Ao ver a caixa do anticoncepcional, José Vieira soube que ela tinha adivinhado tudo.

José Vieira ficou paralisado, sem dizer nada, o que foi considerado uma admissão de culpa.

Amanda Soares soltou uma risada leve e repentina, jogando a caixa fora.

— Então, você não é estéril, você simplesmente não quer ter filhos comigo?

Não que ela quisesse muito ter filhos com ele, mas Amanda Soares sentia-se apenas enganada, feita de boba por um homem que a manipulava.

Ela estava realmente com raiva, mas parecia não ser apenas raiva; era um sentimento complexo misturado com decepção que invadia seus pensamentos.

José Vieira continuou sem falar, apenas com o rosto fechado e uma leve tristeza entre as sobrancelhas.

Amanda Soares zombou de si mesma.

— Eu não mereço nem mesmo uma explicação?

Chega, por que ela continuaria se humilhando?

O rosto de Amanda Soares estava cinzento; ela desviou o olhar de José Vieira.

— Vamos tratar da adoção, depois vamos ao cartório nos divorciar. Quanto ao que você prometeu me dar, providencie o mais rápido possível. Eu voltarei para a Cidade G aguardar notícias.
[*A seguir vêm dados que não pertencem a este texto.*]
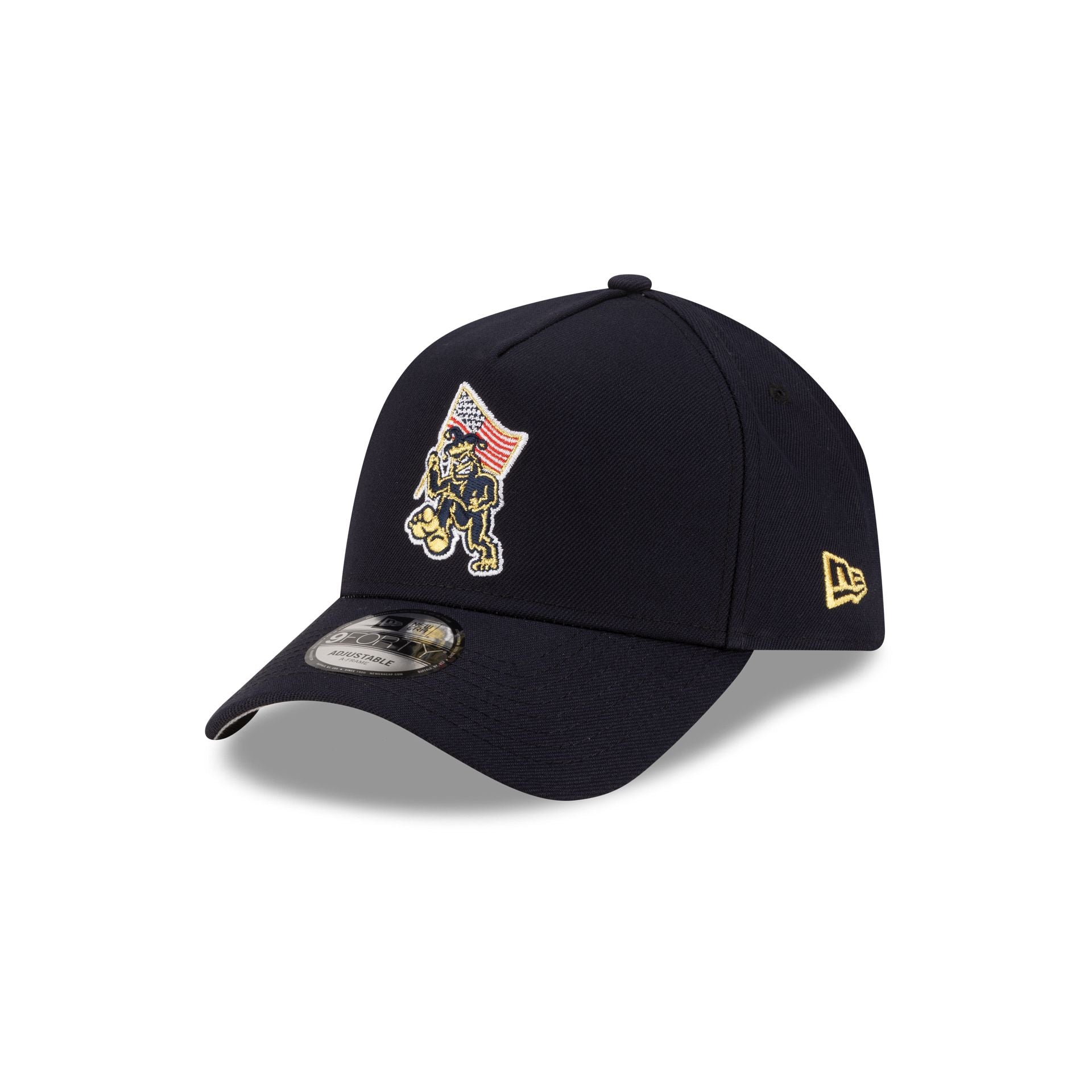 Eugene Emeralds Americana 9FORTY A-Frame Snapback Hat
O Sr. José, o homem mais rico, não a enganaria em questões financeiras.

Ela pegou a bolsa casualmente, pendurou-a no braço e calçou os sapatos de salto alto. José Vieira, sem que ela percebesse, aproximou-se.
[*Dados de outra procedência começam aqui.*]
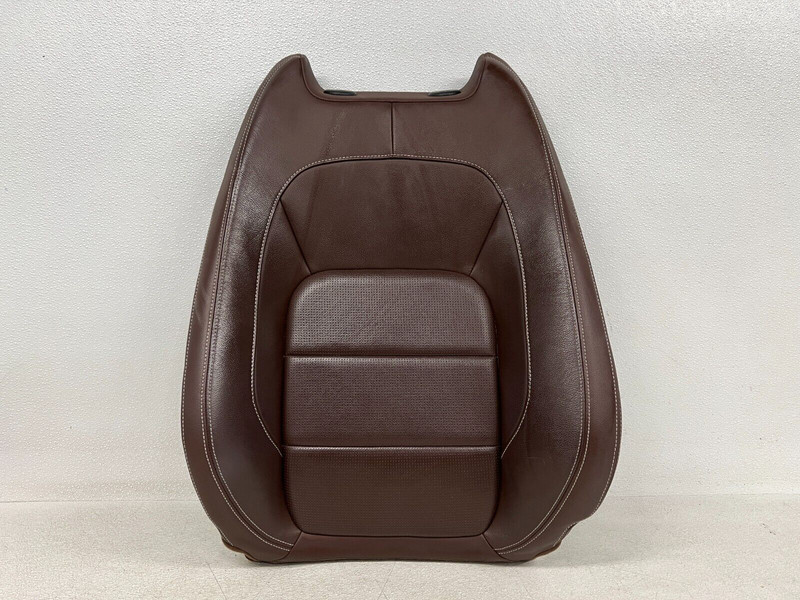 ⭐2017-2020 JAGUAR F-PACE FRONT LEFT UPPER SEAT CUSHION PAD BROWN OEM LOT2566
Amanda Soares não lhe dirigiu nem mais um olhar; desta vez, ela não o perdoaria.

Não se tratava alguém assim.

Por que ele sempre dava um tapa e depois oferecia um doce, e ela tinha que aceitar tudo alegremente como se nada tivesse acontecido?
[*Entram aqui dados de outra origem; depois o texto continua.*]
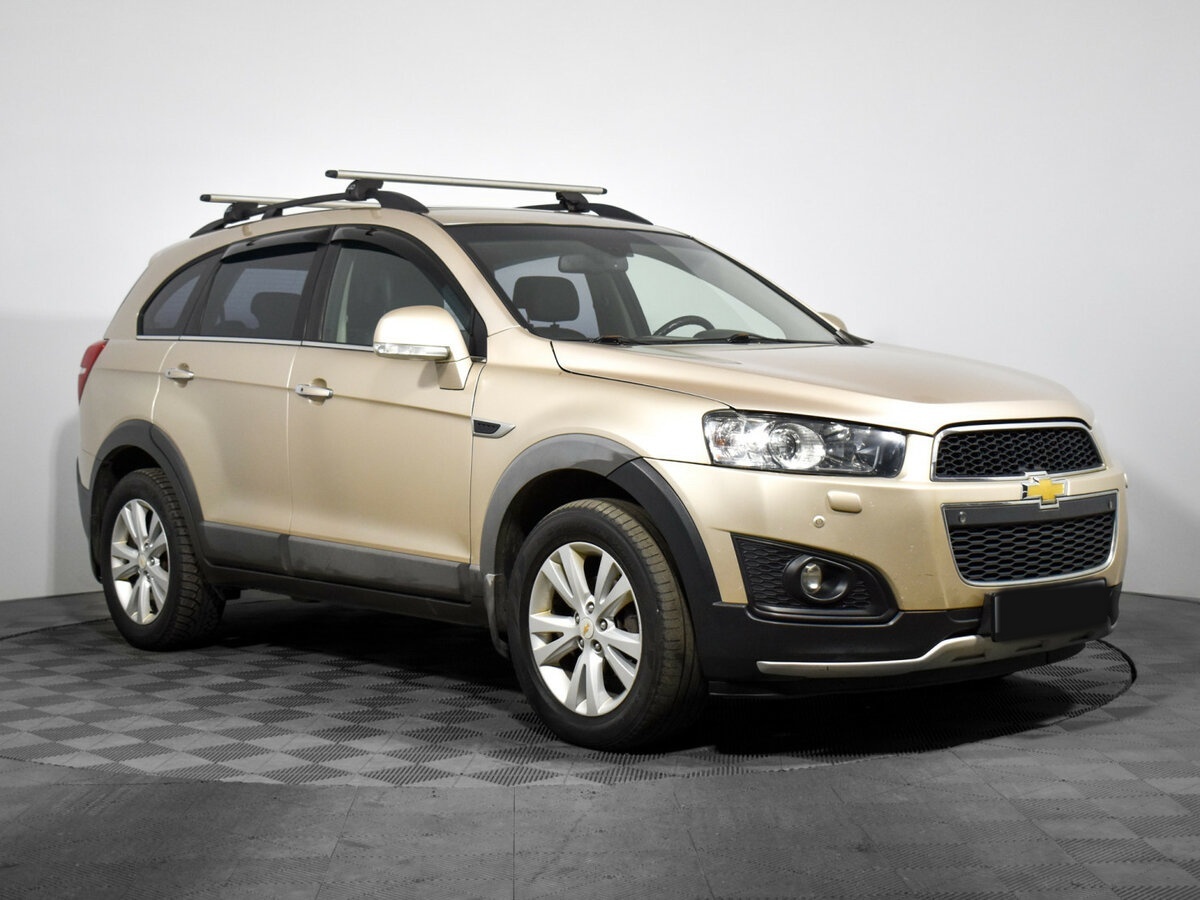 Chevrolet Captiva 2013 года с пробегом. Фото: #2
José Vieira sorriu, e aqueles olhos persuasivos ficaram extraordinariamente bonitos.

— Esposa, hoje não vamos ao orfanato. Onde você quiser ir, eu te acompanho.

— Eu quero ir ao cartório, você acompanha também?

— Posso te acompanhar até lá, mas não vou colaborar com o divórcio.

Ela estava com raiva, e ele ria.

Os olhos dela doíam de tanto encarar, e ele sorria curvando os cantos da boca.

Amanda Soares estava realmente sem temperamento por causa dele, mas isso não podia ficar assim.

Se escolhesse continuar a vida, não poderia viver de forma confusa.

Os dois desceram, e Amanda Soares quis arrastar José Vieira para o parque de diversões; ela queria puni-lo fazendo-o andar dez vezes na montanha-russa.

Depois de entrarem no carro, Amanda Soares não pôde deixar de perguntar.

— José Vieira, por que você preferiu ir ao orfanato adotar uma criança em vez de planejar ter um filho comigo?